Arriving in Thailand
It's been a little more than six years since my last visit to Thailand. I gaze out of the airplane window at Bangkok. The first thing that catches my attention is the traffic. It's moving. It used to be the only reasons for taking a taxi or bus during the day was if you had heavy things to carry or you wanted to sit in the air conditioning. Walking was generally faster. But I can see the elevated roadway that had been under construction during my last visit is operating now and the monorail has been completed too.
I'm used to seeing unexpected things in foreign countries but even this takes me by surprise. It's a golf course. Between the runways! One bad slice would smack a plane trying to land or take off. It's shocking to the visitor but, as the ex-pats will explain with a tired shrug, "T.I.T." This Is Thailand.

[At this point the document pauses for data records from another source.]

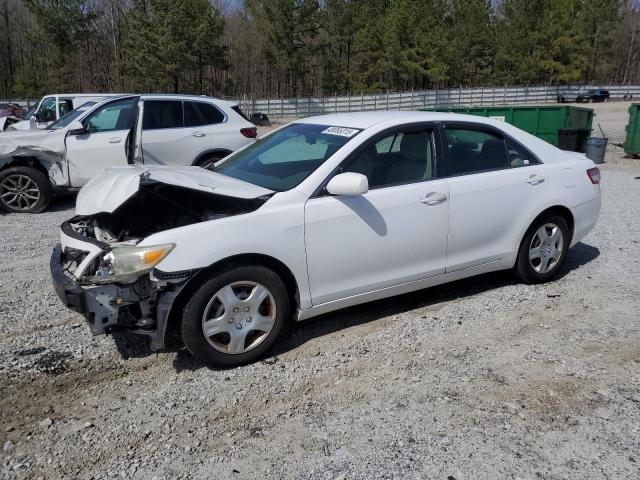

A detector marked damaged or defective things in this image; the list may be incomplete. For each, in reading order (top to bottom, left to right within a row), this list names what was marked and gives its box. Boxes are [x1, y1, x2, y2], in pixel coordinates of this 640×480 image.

damaged vehicle [0, 94, 255, 211]
broken headlight [85, 242, 176, 284]
crumpled hood [75, 165, 276, 216]
damaged vehicle [50, 111, 600, 368]
damaged white sedan [50, 112, 600, 368]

I go through immigration and change to a domestic flight. Two hours later Botter Reeves and his wife, Toi, pick me up in Chiang Mai.
Botter came to Thailand in the 60s as a computer programmer and fell in love with the country. In as radical a career and lifestyle change as you can imagine he bought a boat and refitted it as a floating restaurant. At the time no one thought the business would work but he proved them wrong and now there must be dozens of floating restaurants in Bangkok. Botter divided his time between Bangkok and Denton, Texas where he raised his half-Thai daughter. I met him there, about twenty years ago, and among other things he taught me to play Go (a game of strategy popular in Asia.) We spent many happy hours huddled over a Go board plotting each others' demise. Botter was a patient teacher and tolerated me well. He was, in many ways, much like a father to me and I am grateful for the time we spent together.
Botter sold his business a few years ago and built a house in a small village called Ban Hangdong about 30 miles from Chiang Mai. He lives a quiet retired life as a something of a gentleman farmer.
All I really want to do is take a shower and sleep off the jet-lag but Botter doesn't get into Chiang Mai often and there are a few errands to run. The photos are from Noy's machine shop where Noy is building a metal gate for Botter's fence. Noy is a resourceful machinist and built many of his tools himself including a clever spot-welder that started life as a battery charger. The photo shows it being operated by his son.